## [Instructions to follow]
Consider the records below. How many of their lines include the word "background"? State the number and nothing else.

(Brief descriptive captions)
--- START ---

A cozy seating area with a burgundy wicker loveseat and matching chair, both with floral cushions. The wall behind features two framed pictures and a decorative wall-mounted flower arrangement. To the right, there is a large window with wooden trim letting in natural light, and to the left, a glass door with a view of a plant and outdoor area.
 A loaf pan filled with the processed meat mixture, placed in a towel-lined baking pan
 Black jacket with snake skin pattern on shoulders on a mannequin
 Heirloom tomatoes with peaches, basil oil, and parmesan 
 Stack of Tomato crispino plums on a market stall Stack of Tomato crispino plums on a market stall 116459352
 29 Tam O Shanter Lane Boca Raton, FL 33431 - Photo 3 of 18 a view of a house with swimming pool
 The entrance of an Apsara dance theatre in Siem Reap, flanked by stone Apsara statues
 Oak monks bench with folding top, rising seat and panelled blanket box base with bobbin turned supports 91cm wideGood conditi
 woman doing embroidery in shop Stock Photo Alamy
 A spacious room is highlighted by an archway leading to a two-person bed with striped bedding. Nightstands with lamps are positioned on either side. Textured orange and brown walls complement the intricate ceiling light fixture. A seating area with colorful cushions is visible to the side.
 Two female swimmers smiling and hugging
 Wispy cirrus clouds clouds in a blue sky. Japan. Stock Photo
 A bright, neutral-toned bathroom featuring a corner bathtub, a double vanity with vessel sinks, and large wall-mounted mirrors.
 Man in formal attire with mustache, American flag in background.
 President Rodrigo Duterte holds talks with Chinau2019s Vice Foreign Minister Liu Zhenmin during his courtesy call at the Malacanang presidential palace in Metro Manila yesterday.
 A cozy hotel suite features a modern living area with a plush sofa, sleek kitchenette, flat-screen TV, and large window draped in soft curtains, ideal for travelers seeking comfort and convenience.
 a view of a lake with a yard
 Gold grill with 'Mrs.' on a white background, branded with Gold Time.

--- END ---

## [Exercise response]
2